Each line of the listing, apart from the pictures, is to be printed exactly.

■ DATASET EXCERPT
■ ■ ■
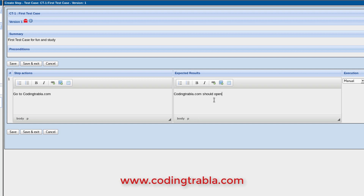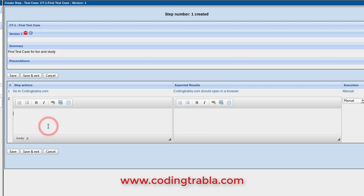Enter the step action, then click the save button and close when done.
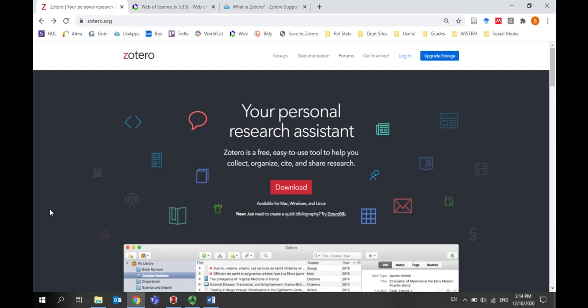Zotero is a free citation manager that can help you export citations from databases, organize them in your library, and insert them into Word documents or Google Docs as you're writing your paper.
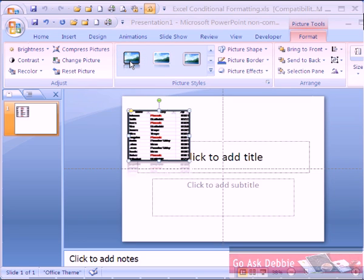Once you have made your selections, the data now appears as a professional graphic matching your presentation.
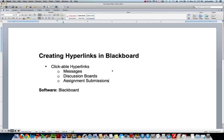Hi, this is JJ at CCBC. In this video, we'll look at how to create hyperlinks in Blackboard. There are several times where you're going to need to create clickable hyperlinks as part of this course. There are three places that you can do that: in your messages, discussion boards, and your assignment submissions.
■ ■ ■
■ RESPONSE FOR THIS EXERCISE
Enter the step action, then click the save button and close when done.
Zotero is a free citation manager that can help you export citations from databases, organize them in your library, and insert them into Word documents or Google Docs as you're writing your paper.
Once you have made your selections, the data now appears as a professional graphic matching your presentation.
Hi, this is JJ at CCBC. In this video, we'll look at how to create hyperlinks in Blackboard. There are several times where you're going to need to create clickable hyperlinks as part of this course. There are three places that you can do that: in your messages, discussion boards, and your assignment submissions.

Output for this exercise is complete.